# Firefighters and EERO



## rktect 1 (Apr 29, 2011)

Well, spring is here and lots of permits are coming in for replacement windows.  And after my review comments go out, I get lots of heated phone calls asking what the hell I am thinking in regards to EERO?  Why am I making a person who has an existing double hung window replace it with a casement?

It's getting pretty bad too.  So I asked one of our firefighters.  When was the last time one of our firefighters was up on a ladder, trying to get into a house through a single sash of a double hung window unit?   And his answer was not at all surprising.  He said, never.  Doesn't happen.  The firefighter would go up the ladder, stick his axe through the glass, and rip out both sashes and possibly even the frame.

So why am I fighting this 5.7 square foot EERO issue?

Can any of the fire fighters or related personel, tell me when the last time they heard of a fire fighter going through the bottom sash of a double hung unit?


----------



## FM William Burns (Apr 29, 2011)

> The firefighter would go up the ladder, stick his axe through the glass, and rip out both sashes and possibly even the frame.


I can relate to that statement for sure.  Regarding access, he is probably correct..... now if we had a victim at the window, we would most likely snatch and grab through the bottom or rip it out if nobody was showing.


----------



## Inspector 102 (Apr 29, 2011)

I teach my crews to remove as much window as possible, ax or no ax. We set up a ladder for secondary egress anytime a crew is working above the first floor and have been practicing firefighter bail-outs. It is quite impressive to see how fast someone can bail out a window with a little practice. Give the wrong circumstances, I can go through a 1 ft. x 1 ft. opening pretty fast too.


----------



## cda (Apr 29, 2011)

Also the person in the bedroom is going most of the time open the window normally


----------



## brudgers (Apr 29, 2011)

rktect 1 said:
			
		

> So why am I fighting this 5.7 square foot EERO issue?


Because if you didn't enforce it there would be little sense in requiring a permit for size for size window replacements.

It's sort of a self justifying bureaucratic feedback loop.
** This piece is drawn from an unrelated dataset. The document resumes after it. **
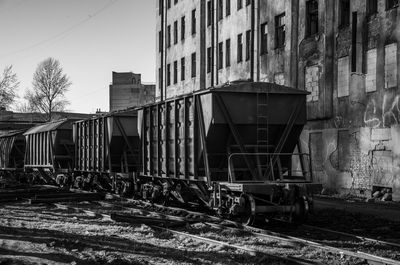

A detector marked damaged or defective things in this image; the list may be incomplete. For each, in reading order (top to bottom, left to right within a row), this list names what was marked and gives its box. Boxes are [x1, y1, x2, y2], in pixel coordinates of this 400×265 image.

rusty freight car [72, 108, 140, 193]
rusty freight car [138, 81, 322, 223]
We require a permit because there is the EERO requirement + We enforce the EERO requirement because we require a permit.

Just out of curiosity, do you also require them to enlarge the opening if the can't meet EERO with the existing opening, e.g. the 44" sill height?


----------



## TJacobs (Apr 30, 2011)

We don't require compliance with EERO when replacing like for like, same size.  It's hard enough getting them when they finish their basement.


----------



## peach (Apr 30, 2011)

it's glazing.. the FD is  going to bash it all out.
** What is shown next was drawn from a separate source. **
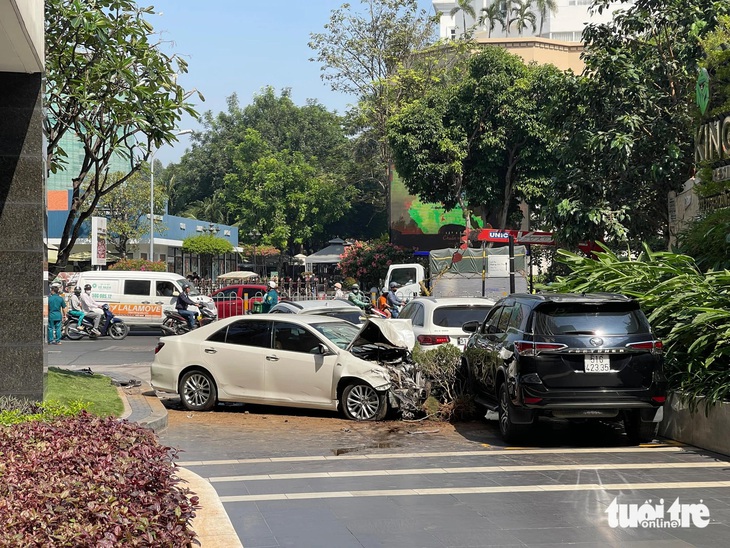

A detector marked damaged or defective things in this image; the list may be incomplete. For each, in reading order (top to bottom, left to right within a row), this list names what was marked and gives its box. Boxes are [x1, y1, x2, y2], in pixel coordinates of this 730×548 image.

damaged white sedan [152, 312, 426, 420]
As long as the entire opening allows passage of a Fire fighter in bunker gear, the configuration of the window really doesn't matter.

Bedroom windows (the only ones we enforce are for Emgergency Egress AND ingress.. guess what.. they can get in).

Attic access is much the same way.. they'll get there without the "access" the IRC required.

Fire departments and building departments need to stop looking at each other as enemies.. rather we are allies.

My view from the bottom.


----------



## mtlogcabin (Apr 30, 2011)

It is also an escape window and the new impact resistant glass along high wind coastal areas is making a firefighters entry through the window more difficult

http://www.tcpalm.com/news/2008/oct/22/hurricane-resistant-windows-raise-concerns-in-even/


----------



## brudgers (Apr 30, 2011)

Impact glass in SFR's has been common in Florida for nearly a decade (since March 2002 when the FBC was implemented).


----------



## cda (Apr 30, 2011)

But

There is no requirement for glass or other similar to be in that required openable area as long as you meet the sq ft once open!??

Is there?????


----------



## Yankee (Apr 30, 2011)

True, it could be a solid panel. Like a door.


----------



## rktect 1 (May 1, 2011)

The reason we decided to start permitting for window replacements was based on the IECC, not EERO.  When an existing window is smaller than 5.7, let's say it is 4.9 then we ask for a new 4.9 window.


----------



## brudgers (May 1, 2011)

rktect 1 said:
			
		

> The reason we decided to start permitting for window replacements was based on the IECC, not EERO.  When an existing window is smaller than 5.7, let's say it is 4.9 then we ask for a new 4.9 window.


Just because you can require a permit, doesn't mean you should.


----------



## Alias (May 2, 2011)

TJacobs said:
			
		

> We don't require compliance with EERO when replacing like for like, same size. It's hard enough getting them when they finish their basement.


Same here as TJacobs.  What little new housing stock we have is 90% M/Us.  The existing stick builts are pretty much all non-compliant.  I'm estactic when the DIY'er wants to enlarge the window size so it can be used for EERO.


----------



## conarb (May 2, 2011)

I guess if you don't have to require code compliance with emergency egress windows you don't have to mandate code compliance with other worthless codes that you don't believe in, like fire sprinklers, green codes, or state mandated ADA.


----------



## Builder Bob (May 3, 2011)

I don't see where removing a window from a framed opening is a structural change - the window doesn't have to be there for the wall or house to stand ----- I would allow the 4.9 SF window back......... However if the homeowner decided to enlarge the window opening (structural changes-a.k.a framing changes) then the 5.0 or 5.7 Sf window would be required.

JMHO.


----------



## peach (May 3, 2011)

still need natural light and ventilation.  Most jurisdictions allow same for same (particularly if you are in any kind of historic district); they won't allow a gridded casement instead of a single hung window (they may not allow, even, a double hung window).


----------